PROBLEM STATEMENT:
Your task is to transcribe the records exactly, skipping every image.

MATERIAL SHOWN:
---------------

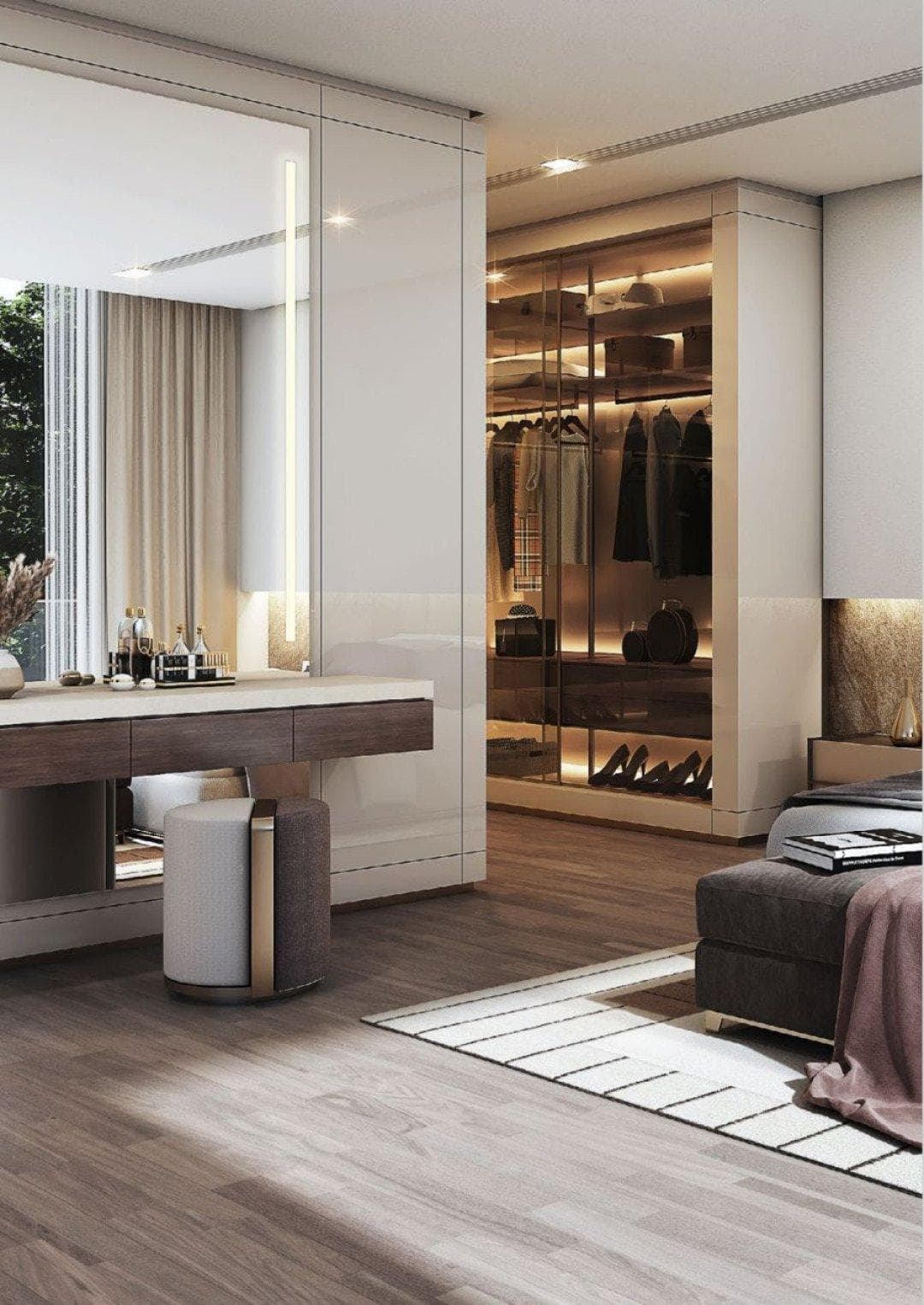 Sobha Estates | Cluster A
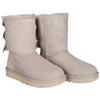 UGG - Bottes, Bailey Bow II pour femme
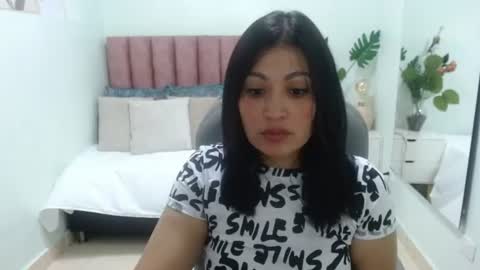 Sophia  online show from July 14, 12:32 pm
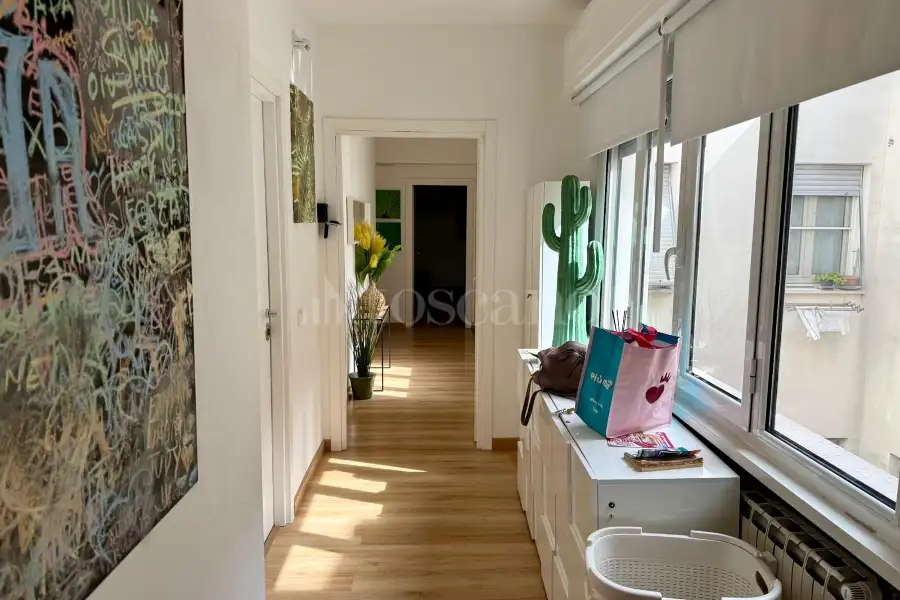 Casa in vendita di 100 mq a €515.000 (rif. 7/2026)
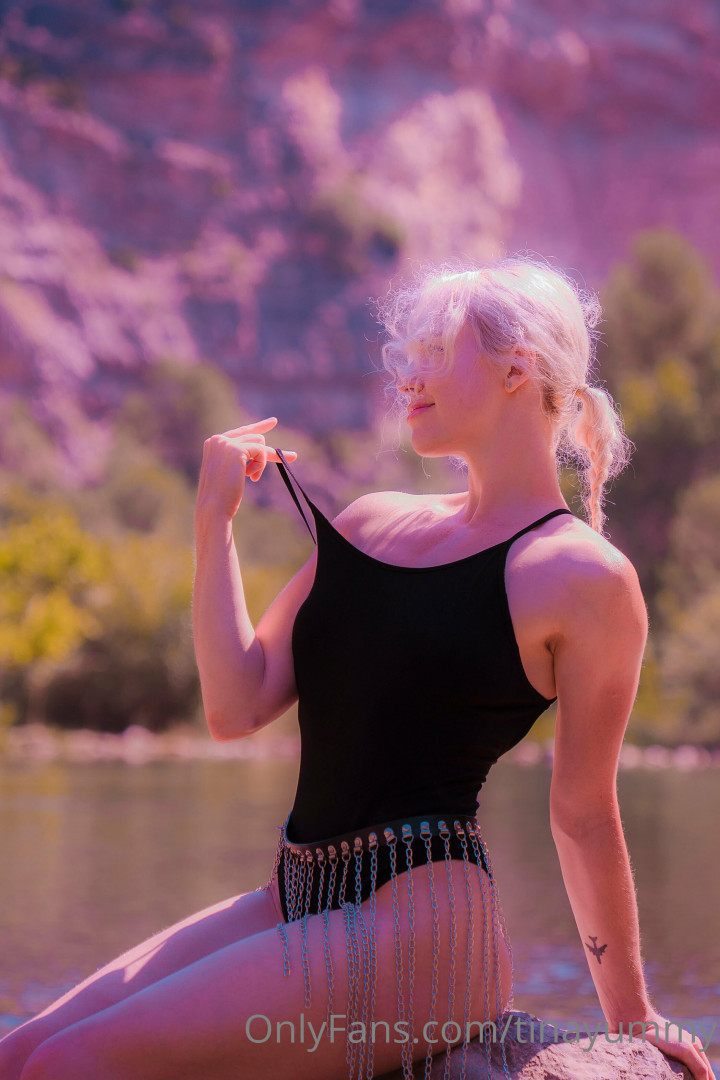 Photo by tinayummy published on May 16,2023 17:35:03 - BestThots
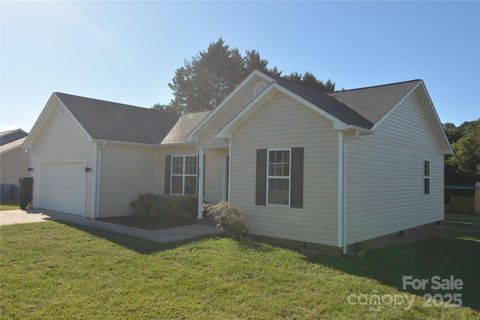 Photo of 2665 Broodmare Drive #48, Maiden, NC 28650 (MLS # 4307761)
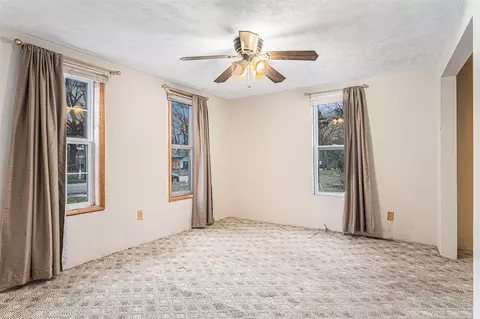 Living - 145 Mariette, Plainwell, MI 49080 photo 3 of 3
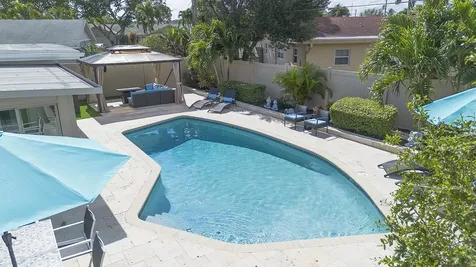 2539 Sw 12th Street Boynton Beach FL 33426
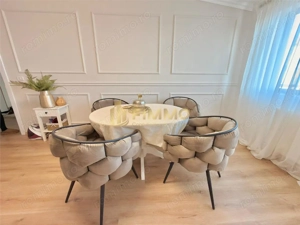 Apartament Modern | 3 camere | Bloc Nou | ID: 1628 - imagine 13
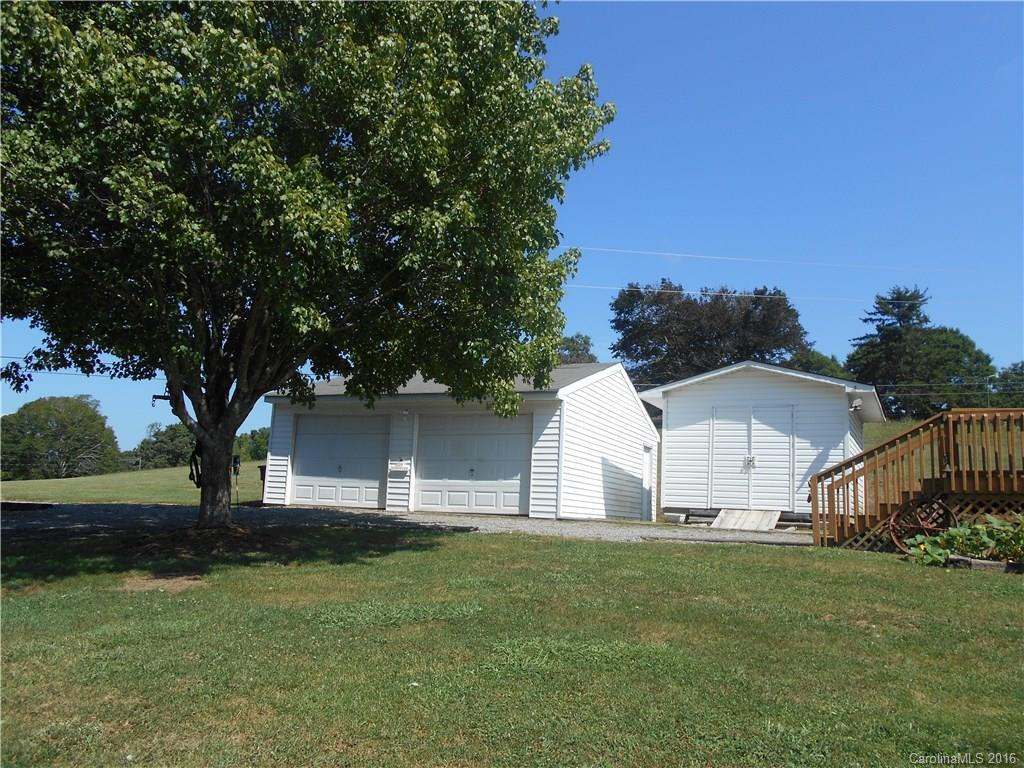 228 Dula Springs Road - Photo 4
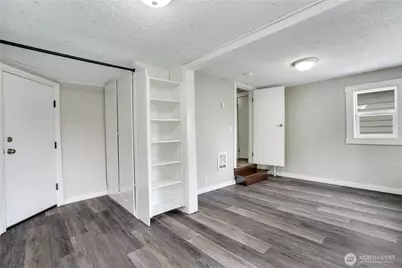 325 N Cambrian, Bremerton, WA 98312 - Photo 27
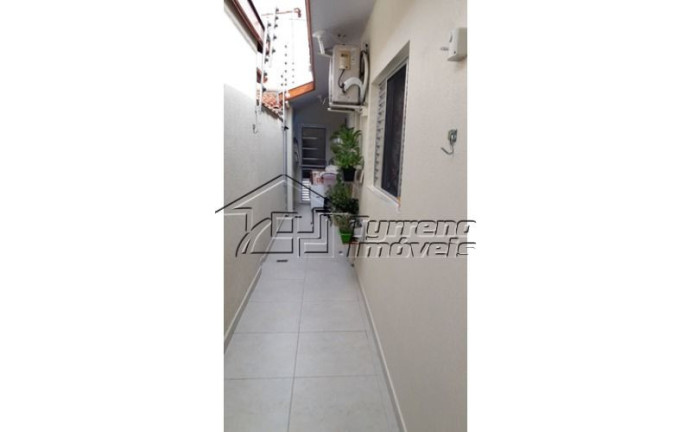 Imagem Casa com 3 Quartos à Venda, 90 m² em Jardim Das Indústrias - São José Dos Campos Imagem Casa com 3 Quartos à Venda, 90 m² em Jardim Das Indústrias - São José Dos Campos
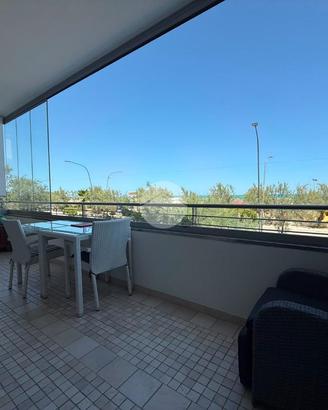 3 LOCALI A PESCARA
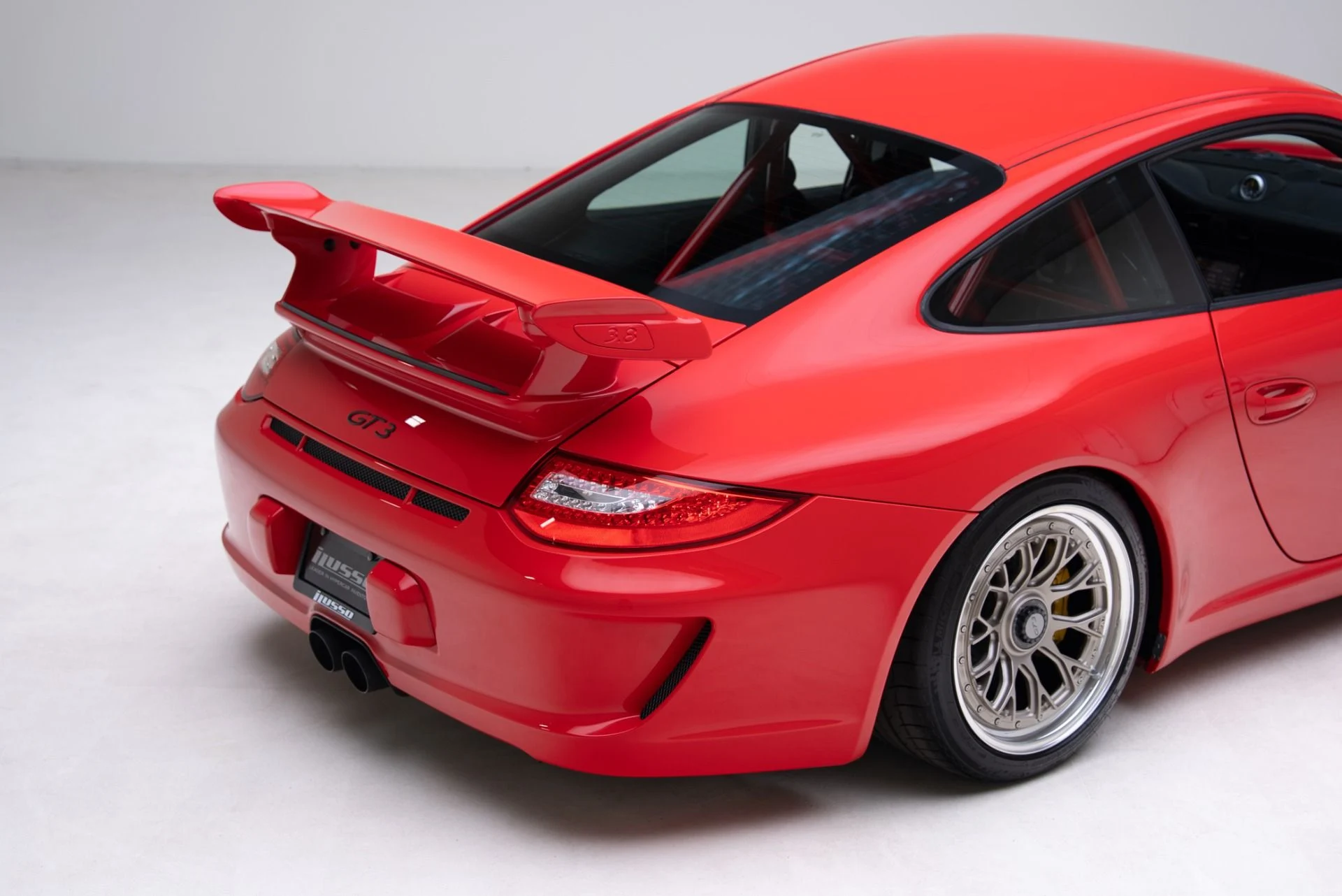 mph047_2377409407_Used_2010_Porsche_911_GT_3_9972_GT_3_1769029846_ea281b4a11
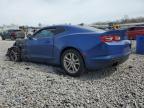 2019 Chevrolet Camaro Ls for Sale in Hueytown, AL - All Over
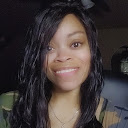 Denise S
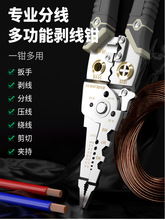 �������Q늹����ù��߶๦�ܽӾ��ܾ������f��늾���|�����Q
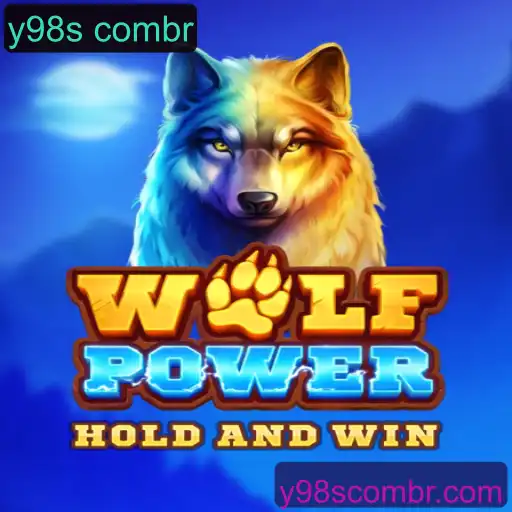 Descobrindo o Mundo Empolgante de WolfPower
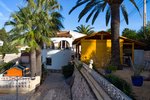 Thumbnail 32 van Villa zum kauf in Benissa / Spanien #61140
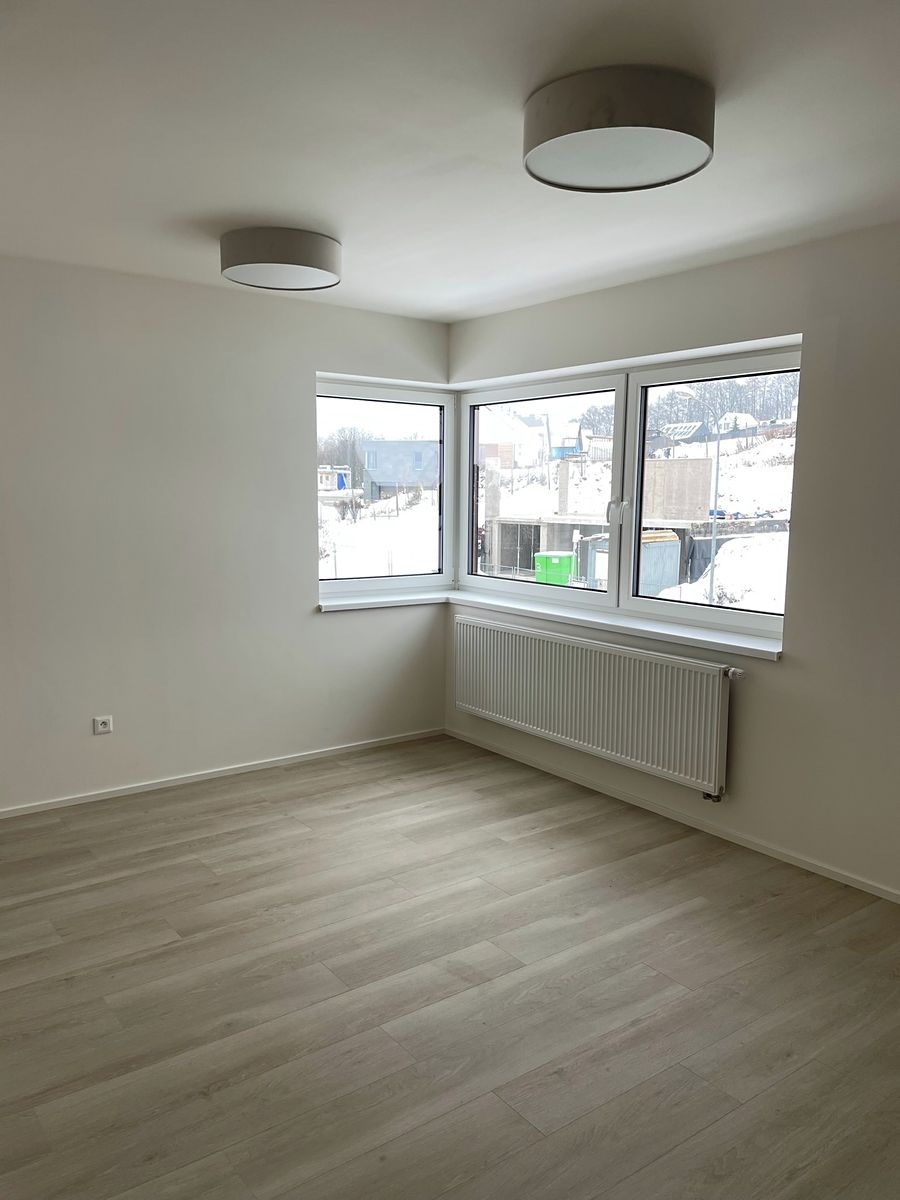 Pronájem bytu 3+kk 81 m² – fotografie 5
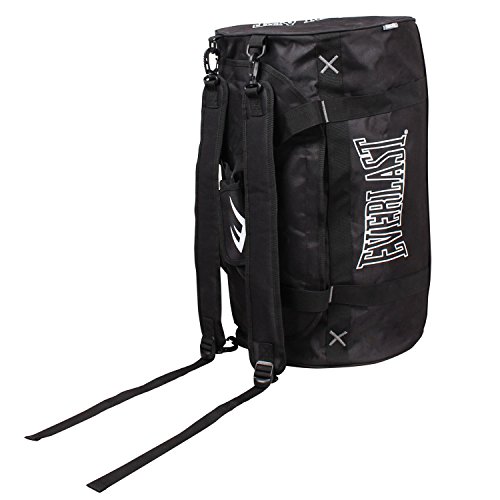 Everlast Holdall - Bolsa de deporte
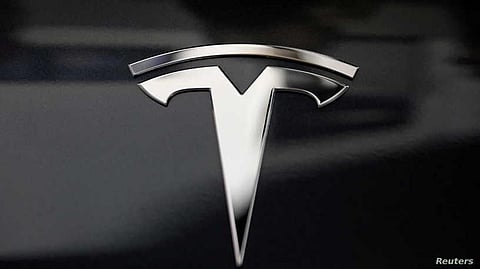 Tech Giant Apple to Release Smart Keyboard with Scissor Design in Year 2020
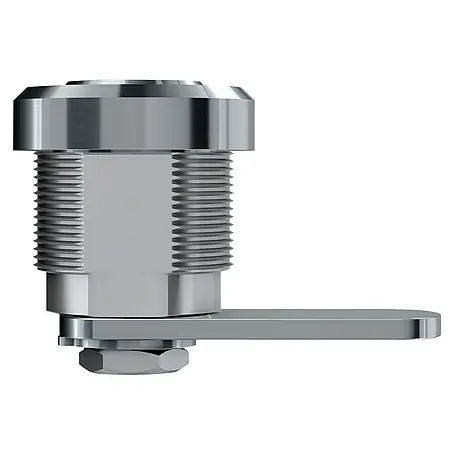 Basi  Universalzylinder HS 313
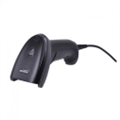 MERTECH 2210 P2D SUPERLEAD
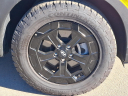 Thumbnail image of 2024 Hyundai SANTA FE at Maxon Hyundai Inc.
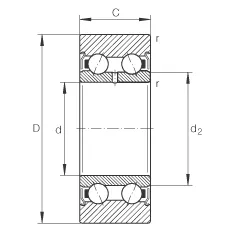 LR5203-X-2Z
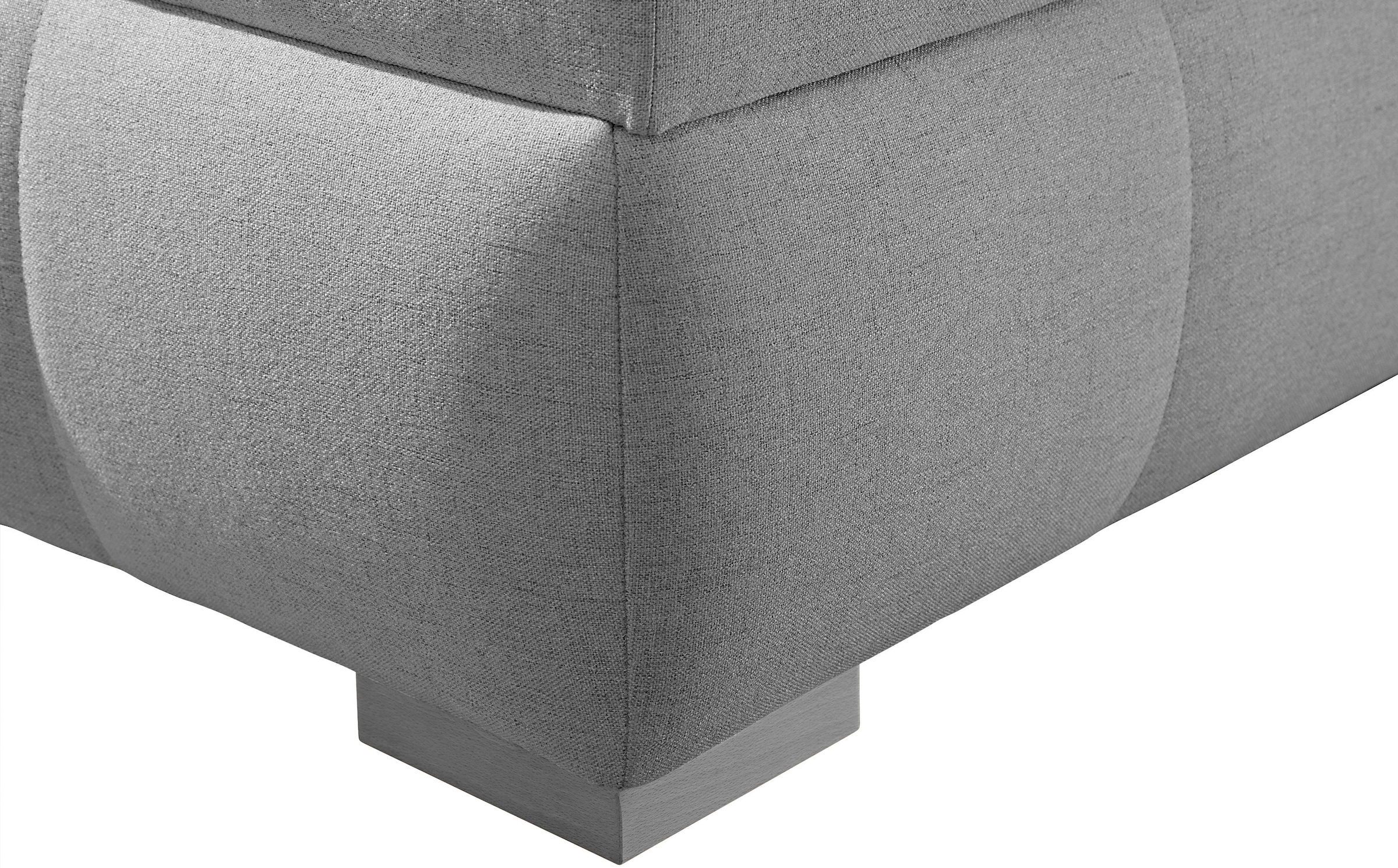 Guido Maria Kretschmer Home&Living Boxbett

---------------

TASK SOLUTION:
 Sobha Estates | Cluster A
 UGG - Bottes, Bailey Bow II pour femme
 Sophia  online show from July 14, 12:32 pm
 Casa in vendita di 100 mq a €515.000 (rif. 7/2026)
 Photo by tinayummy published on May 16,2023 17:35:03 - BestThots
 Photo of 2665 Broodmare Drive #48, Maiden, NC 28650 (MLS # 4307761)
 Living - 145 Mariette, Plainwell, MI 49080 photo 3 of 3
 2539 Sw 12th Street Boynton Beach FL 33426
 Apartament Modern | 3 camere | Bloc Nou | ID: 1628 - imagine 13
 228 Dula Springs Road - Photo 4
 325 N Cambrian, Bremerton, WA 98312 - Photo 27
 Imagem Casa com 3 Quartos à Venda, 90 m² em Jardim Das Indústrias - São José Dos Campos Imagem Casa com 3 Quartos à Venda, 90 m² em Jardim Das Indústrias - São José Dos Campos
 3 LOCALI A PESCARA
 mph047_2377409407_Used_2010_Porsche_911_GT_3_9972_GT_3_1769029846_ea281b4a11
 2019 Chevrolet Camaro Ls for Sale in Hueytown, AL - All Over
 Denise S
 �������Q늹����ù��߶๦�ܽӾ��ܾ������f��늾���|�����Q
 Descobrindo o Mundo Empolgante de WolfPower
 Thumbnail 32 van Villa zum kauf in Benissa / Spanien #61140
 Pronájem bytu 3+kk 81 m² – fotografie 5
 Everlast Holdall - Bolsa de deporte
 Tech Giant Apple to Release Smart Keyboard with Scissor Design in Year 2020
 Basi  Universalzylinder HS 313
 MERTECH 2210 P2D SUPERLEAD
 Thumbnail image of 2024 Hyundai SANTA FE at Maxon Hyundai Inc.
 LR5203-X-2Z
 Guido Maria Kretschmer Home&Living Boxbett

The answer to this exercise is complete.